How to crawl an entire SharePoint Web application
-
Verify the Limit Documents > Fetch all site collections option is selected (default).
-
Specify the Web application URL as a site.
For example:
https://lucidworks.sharepoint.local/
Administrative access to SharePoint is required to crawl an entire SharePoint Web application. |
How to crawl a subset of SharePoint site collections
-
Uncheck the Limit Documents > Fetch all site collections option.
-
Specify a "Start Link" for each site collection to crawl.
Examples include:
-
https://lucidworks.sharepoint.local/sites/site1
-
https://lucidworks.sharepoint.local/sites/site2
-
https://lucidworks.sharepoint.local/sites/site3
-
How to crawl a specific sub-site, list, or list item:
-
Uncheck the Limit Documents > Fetch all site collections option.
-
Specify a "Start Link" for each site collection that contains the item to fetch.
-
Specify a non-wildcard Inclusive Regular Expression for each parent.

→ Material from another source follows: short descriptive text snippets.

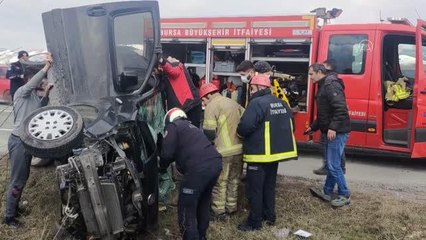 Orhangazi'de takla atan aracın sürücüsü yaralandı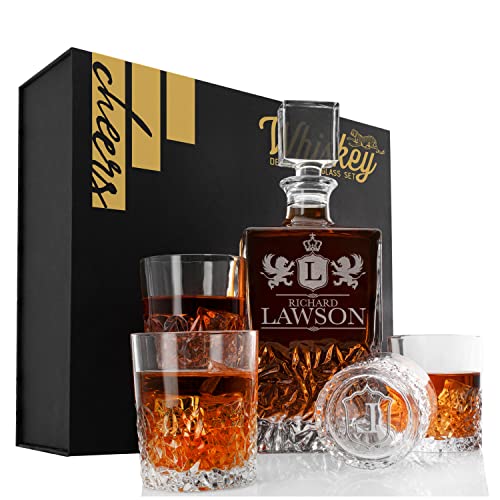 Personalized Whiskey Decanter and Glass Set with Gift Box Option Gifts for Dad Retirement Anniversary Housewarming Bourbon Scotch Whisky - DSG3-800ML SET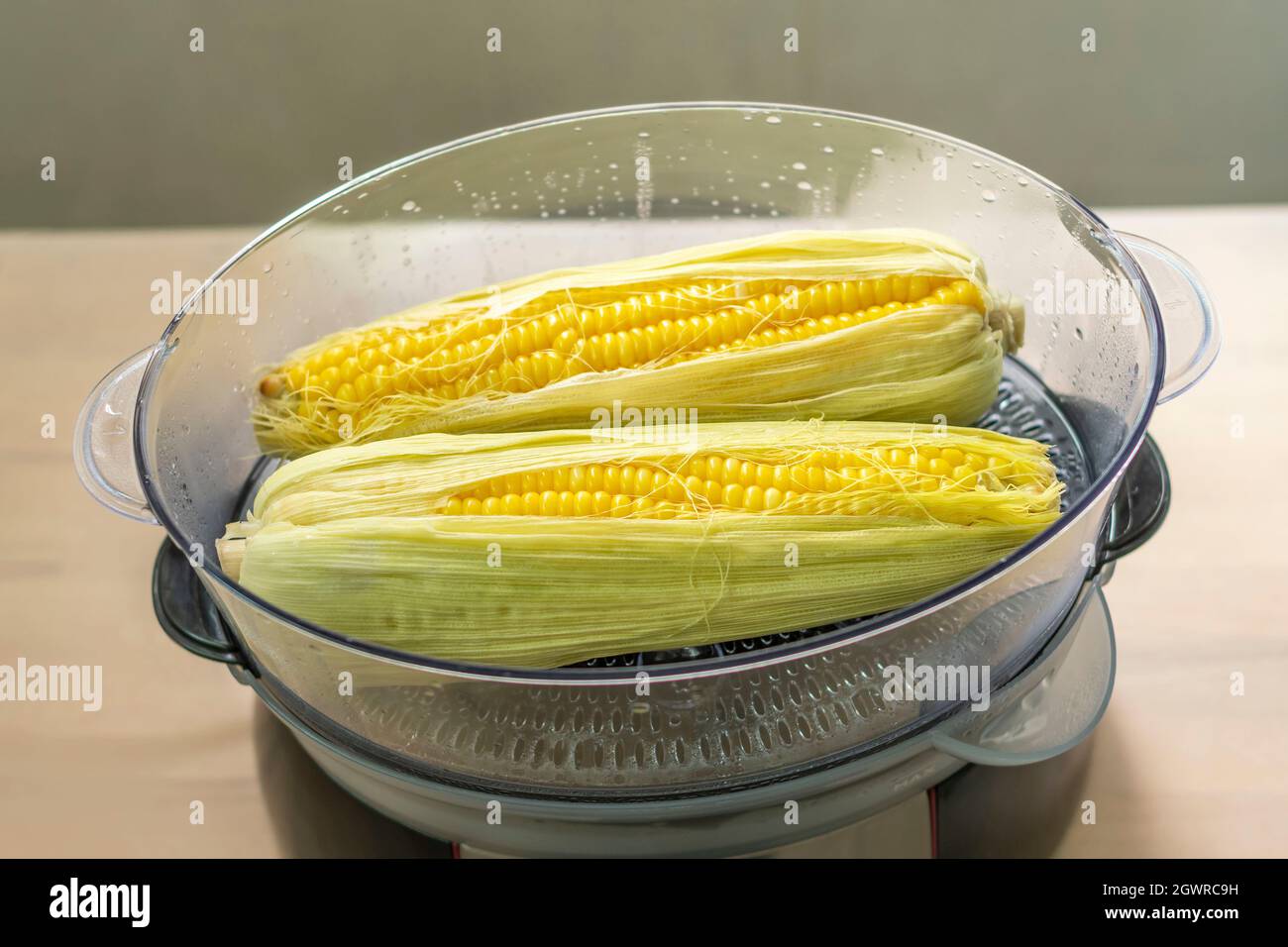 Close-up Of Corn On The Cob In A Steamer Stock Photo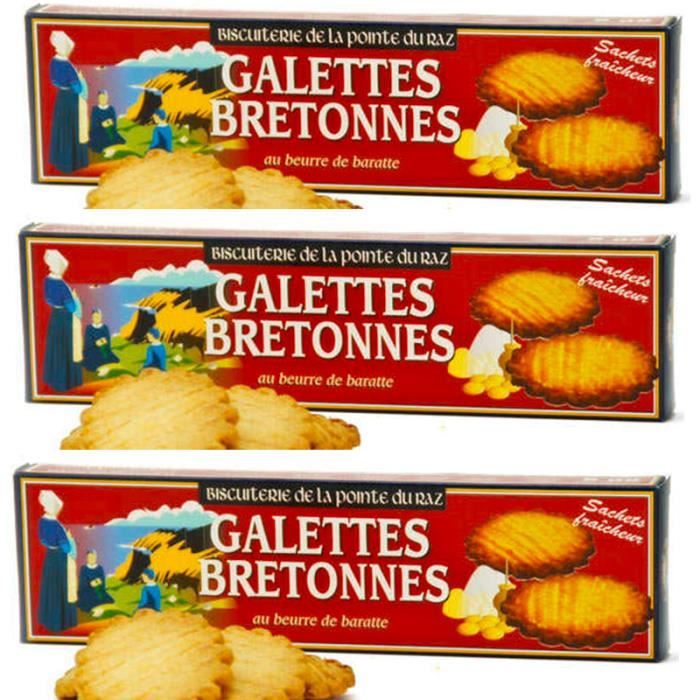 Galettes Bretonnes Artisanales, 3 boites de 80g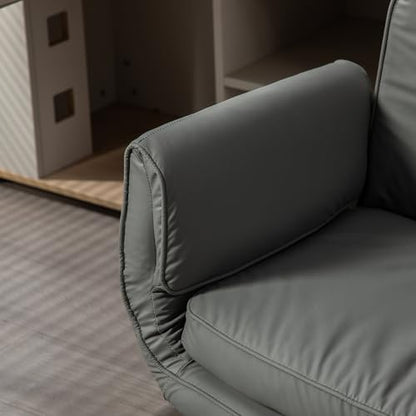 Criss Cross Chair with Wheels & Adjustable Armrests, High Back PU Leather Executive Desk Chair for Home Office, Comfy Cross Legged Wide Computer Task Chair, Gray - color: Grey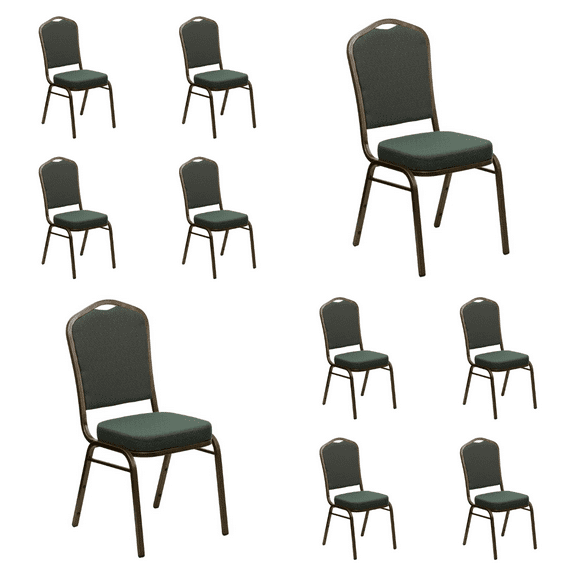 (10 PACK) Crown Back Banquet Dining Chair with Green Fabric - Commercial Quality Restaurant Chair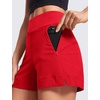 image:imageCRZ YOGA Womens Lightweight Mid Rise Hiking Shorts 4  Stretch for Athletic Summer Travel Outdoor Golf with Zip PocketsRed Chili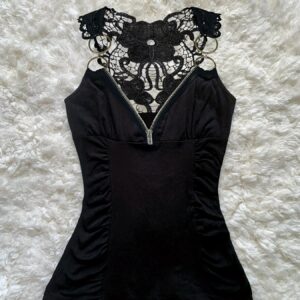 Y22K Solid Color Embroidered Lace Women'S Fashion Tank Top with a Vintage, Sexy, And Exaggerated Style.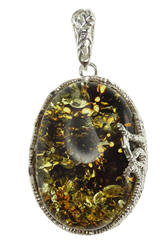 Серебряный кулон с камнем янтаря «Мираж»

For example, if you want to crawl
https://lucidworks.sharepoint.local/sites/mysitecol/myparentsite/somesite
, then you must include inclusive regexes for all parents:https\:\/\/lucidworks\.sharepoint\.local\/sites\/mysitecol https\:\/\/lucidworks\.sharepoint\.local\/sites\/mysitecol\/myparentsite https\:\/\/lucidworks\.sharepoint\.local\/sites\/mysitecol\/somesite https\:\/\/lucidworks\.sharepoint\.local\/sites\/mysitecol\/somesite\/.*
If you exclude a parent item of the site, the connector does not crawl the site because it will not spider down to it during the crawl process.
2. Create permission and user policy for the crawl
The options are:
-
Set up an on-prem crawl account with only as much permission as it needs.
This approach has the security advantage of providing minimal access to Fusion. However, the crawl account cannot retrieve the list of site collections behind a Web application URL.
-
Set up an online crawl account with only as much permission as it needs.
This approach has the security advantage of providing minimal access to Fusion. However, the crawl account cannot retrieve the list of site collections behind a Web application URL.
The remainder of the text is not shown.